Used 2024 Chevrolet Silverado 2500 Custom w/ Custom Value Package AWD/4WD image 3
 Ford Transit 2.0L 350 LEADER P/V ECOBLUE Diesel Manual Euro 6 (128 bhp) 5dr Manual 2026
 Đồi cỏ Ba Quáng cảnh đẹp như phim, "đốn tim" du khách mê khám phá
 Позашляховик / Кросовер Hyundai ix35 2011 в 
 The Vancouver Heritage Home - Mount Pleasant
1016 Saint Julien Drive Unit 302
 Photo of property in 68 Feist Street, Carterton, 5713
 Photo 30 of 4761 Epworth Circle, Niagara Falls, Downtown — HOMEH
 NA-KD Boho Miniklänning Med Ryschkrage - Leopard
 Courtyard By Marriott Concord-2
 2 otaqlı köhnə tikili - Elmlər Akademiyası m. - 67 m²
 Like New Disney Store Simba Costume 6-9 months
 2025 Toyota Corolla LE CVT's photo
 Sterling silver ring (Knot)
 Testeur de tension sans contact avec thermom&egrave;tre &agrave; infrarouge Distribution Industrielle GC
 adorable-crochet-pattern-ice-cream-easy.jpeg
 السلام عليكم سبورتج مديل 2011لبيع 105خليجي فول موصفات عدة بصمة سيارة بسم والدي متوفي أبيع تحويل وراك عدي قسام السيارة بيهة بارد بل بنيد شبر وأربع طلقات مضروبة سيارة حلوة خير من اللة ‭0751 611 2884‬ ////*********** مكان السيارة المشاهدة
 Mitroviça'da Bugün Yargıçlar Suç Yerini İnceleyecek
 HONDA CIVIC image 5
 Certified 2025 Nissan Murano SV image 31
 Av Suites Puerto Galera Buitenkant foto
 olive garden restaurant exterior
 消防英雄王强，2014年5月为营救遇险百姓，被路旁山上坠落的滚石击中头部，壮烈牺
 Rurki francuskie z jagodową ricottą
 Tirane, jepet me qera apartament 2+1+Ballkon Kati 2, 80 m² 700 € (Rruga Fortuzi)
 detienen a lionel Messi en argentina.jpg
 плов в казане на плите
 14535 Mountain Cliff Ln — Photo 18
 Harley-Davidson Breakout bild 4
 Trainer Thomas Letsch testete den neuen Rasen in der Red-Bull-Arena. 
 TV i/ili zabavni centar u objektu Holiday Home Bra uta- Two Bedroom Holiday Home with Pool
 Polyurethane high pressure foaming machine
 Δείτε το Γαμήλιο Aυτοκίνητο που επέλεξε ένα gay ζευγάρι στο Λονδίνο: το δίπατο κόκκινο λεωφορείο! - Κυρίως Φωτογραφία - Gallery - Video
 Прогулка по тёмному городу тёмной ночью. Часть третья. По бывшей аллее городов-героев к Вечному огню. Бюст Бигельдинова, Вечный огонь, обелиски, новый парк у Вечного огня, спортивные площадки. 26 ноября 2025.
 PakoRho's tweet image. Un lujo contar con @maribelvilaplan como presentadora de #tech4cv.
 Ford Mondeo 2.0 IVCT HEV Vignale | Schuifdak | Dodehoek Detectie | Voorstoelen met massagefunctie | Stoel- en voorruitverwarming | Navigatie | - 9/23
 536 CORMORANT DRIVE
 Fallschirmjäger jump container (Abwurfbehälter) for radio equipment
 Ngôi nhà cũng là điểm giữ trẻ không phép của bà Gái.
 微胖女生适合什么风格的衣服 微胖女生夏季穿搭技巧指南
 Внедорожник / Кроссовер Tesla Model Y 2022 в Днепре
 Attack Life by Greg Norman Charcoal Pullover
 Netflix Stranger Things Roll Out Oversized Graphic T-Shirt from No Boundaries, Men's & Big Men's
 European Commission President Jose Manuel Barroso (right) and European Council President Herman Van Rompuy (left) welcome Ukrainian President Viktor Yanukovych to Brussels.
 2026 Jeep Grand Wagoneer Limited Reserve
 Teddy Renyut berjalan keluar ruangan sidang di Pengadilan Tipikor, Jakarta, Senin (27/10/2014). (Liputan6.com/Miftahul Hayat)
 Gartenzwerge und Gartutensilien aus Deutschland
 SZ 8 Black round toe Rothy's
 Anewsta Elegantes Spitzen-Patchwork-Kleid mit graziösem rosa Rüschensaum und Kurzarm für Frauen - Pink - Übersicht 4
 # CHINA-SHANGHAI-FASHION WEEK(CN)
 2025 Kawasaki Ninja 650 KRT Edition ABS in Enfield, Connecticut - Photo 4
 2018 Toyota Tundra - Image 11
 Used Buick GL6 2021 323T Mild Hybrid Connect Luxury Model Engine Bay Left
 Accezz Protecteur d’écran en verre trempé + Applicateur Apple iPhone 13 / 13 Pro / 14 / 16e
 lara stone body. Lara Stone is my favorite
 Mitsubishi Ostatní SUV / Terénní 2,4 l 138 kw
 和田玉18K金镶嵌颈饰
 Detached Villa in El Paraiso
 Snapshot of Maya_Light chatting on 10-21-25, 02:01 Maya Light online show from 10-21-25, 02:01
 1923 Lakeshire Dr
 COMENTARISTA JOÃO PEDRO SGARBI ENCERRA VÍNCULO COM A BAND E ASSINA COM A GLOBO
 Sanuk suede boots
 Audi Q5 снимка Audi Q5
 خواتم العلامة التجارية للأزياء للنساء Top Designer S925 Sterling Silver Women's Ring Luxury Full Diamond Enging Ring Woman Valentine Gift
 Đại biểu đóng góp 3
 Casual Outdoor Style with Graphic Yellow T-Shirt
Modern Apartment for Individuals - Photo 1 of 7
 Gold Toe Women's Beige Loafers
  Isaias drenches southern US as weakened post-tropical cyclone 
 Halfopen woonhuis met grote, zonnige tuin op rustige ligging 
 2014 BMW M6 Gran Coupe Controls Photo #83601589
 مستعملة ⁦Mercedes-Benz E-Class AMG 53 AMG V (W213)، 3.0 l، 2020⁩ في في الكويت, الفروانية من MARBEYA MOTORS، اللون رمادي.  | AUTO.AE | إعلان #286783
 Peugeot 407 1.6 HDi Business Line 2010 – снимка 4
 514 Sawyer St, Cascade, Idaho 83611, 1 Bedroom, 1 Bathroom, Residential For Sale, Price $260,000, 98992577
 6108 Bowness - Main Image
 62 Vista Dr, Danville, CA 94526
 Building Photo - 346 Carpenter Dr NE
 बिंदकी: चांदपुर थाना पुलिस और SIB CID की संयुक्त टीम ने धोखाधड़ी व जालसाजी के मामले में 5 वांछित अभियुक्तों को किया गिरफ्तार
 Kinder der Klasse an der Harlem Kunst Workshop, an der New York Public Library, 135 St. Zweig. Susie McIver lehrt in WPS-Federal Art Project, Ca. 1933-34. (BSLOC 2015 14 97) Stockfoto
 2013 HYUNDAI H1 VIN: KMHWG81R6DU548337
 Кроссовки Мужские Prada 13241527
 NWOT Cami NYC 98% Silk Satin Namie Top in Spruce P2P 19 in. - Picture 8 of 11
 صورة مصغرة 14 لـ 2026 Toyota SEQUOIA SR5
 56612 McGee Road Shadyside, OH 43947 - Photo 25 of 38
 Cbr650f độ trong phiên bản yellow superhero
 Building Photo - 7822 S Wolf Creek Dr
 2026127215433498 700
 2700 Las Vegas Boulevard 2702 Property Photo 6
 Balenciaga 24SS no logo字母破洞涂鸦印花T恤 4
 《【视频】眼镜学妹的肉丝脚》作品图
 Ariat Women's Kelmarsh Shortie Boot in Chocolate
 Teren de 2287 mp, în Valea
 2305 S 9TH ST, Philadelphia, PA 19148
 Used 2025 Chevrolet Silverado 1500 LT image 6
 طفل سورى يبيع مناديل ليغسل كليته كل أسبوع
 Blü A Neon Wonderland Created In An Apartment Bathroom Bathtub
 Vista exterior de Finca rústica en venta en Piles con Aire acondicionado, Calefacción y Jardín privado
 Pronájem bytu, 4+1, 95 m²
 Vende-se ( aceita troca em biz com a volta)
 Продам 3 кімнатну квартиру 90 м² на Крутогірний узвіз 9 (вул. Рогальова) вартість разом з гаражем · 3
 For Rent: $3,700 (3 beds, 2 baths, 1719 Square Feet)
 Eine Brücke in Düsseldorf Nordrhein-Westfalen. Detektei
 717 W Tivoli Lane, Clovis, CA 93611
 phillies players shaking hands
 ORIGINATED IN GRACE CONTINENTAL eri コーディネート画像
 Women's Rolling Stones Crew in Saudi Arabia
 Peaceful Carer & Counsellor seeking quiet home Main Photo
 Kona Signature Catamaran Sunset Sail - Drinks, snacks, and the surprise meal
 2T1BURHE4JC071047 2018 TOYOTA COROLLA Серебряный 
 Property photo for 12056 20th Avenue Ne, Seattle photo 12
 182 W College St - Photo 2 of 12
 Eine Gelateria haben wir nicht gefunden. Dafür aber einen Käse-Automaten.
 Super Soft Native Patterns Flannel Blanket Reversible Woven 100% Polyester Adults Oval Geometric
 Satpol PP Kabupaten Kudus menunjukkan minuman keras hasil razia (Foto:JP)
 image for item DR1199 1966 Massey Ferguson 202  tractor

----------------------------------------

Work to be completed
Whenever a line in the data holds "Apartment", copy that line.

Task solution
Modern Apartment for Individuals - Photo 1 of 7
 Blü A Neon Wonderland Created In An Apartment Bathroom Bathtub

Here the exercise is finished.